Information.
*** Begin section ***
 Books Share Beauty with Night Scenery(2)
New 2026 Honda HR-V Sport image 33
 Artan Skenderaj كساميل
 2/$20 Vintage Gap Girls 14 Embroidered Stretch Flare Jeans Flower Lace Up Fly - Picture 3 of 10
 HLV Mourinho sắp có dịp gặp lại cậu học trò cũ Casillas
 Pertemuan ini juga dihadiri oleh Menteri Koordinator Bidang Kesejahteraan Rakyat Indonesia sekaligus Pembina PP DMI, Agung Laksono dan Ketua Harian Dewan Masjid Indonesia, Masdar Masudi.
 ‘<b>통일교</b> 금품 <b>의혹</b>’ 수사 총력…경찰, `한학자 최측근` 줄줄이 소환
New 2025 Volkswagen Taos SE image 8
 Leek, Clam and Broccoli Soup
*** End section ***
*** Begin section ***
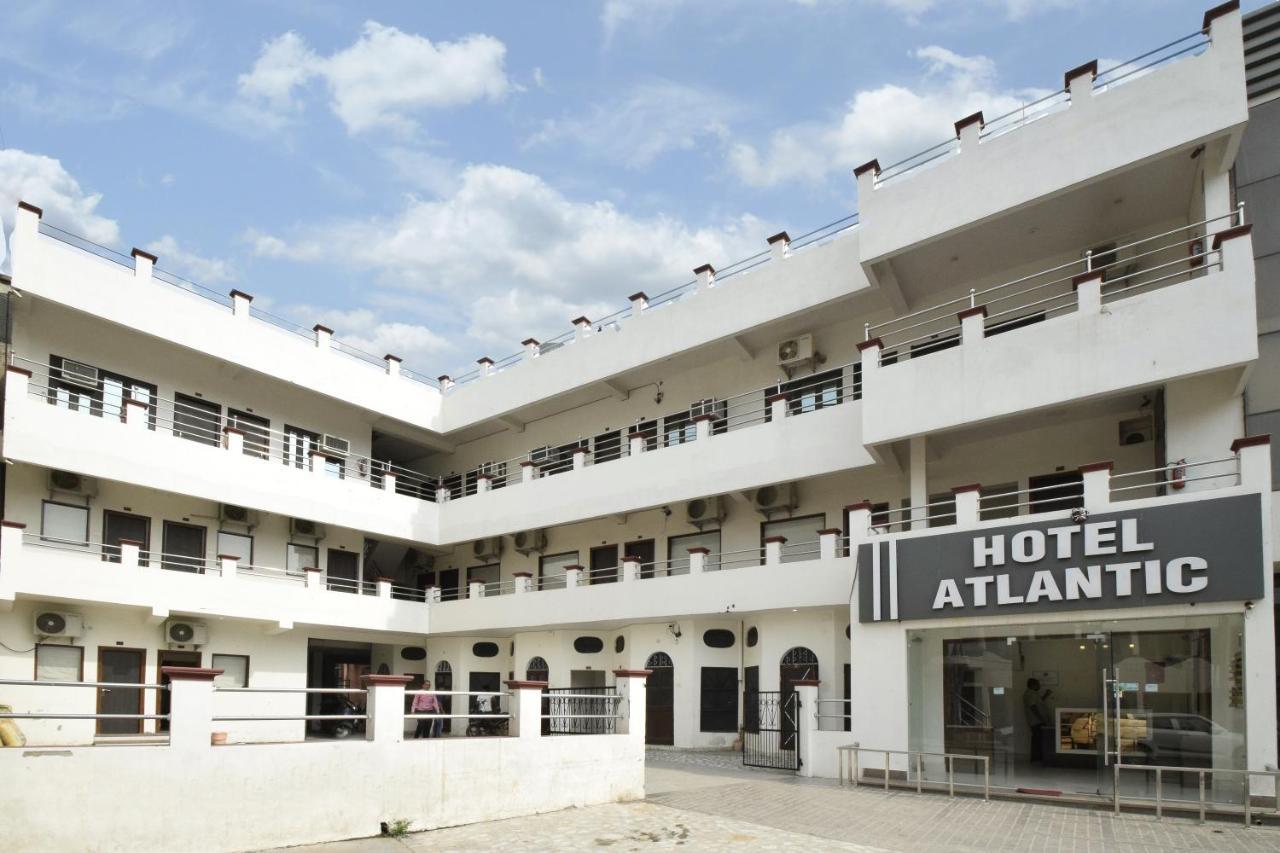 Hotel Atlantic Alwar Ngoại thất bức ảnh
*** End section ***
Task to carry out.
Your task is to transcribe, with no changes, only the lines of the listing above that lie between the line holding "2/$20 Vintage Gap" and the line holding "Leek, Clam and Broccoli Soup", inclusive.

Answer below.
 2/$20 Vintage Gap Girls 14 Embroidered Stretch Flare Jeans Flower Lace Up Fly - Picture 3 of 10
 HLV Mourinho sắp có dịp gặp lại cậu học trò cũ Casillas
 Pertemuan ini juga dihadiri oleh Menteri Koordinator Bidang Kesejahteraan Rakyat Indonesia sekaligus Pembina PP DMI, Agung Laksono dan Ketua Harian Dewan Masjid Indonesia, Masdar Masudi.
 ‘<b>통일교</b> 금품 <b>의혹</b>’ 수사 총력…경찰, `한학자 최측근` 줄줄이 소환
New 2025 Volkswagen Taos SE image 8
 Leek, Clam and Broccoli Soup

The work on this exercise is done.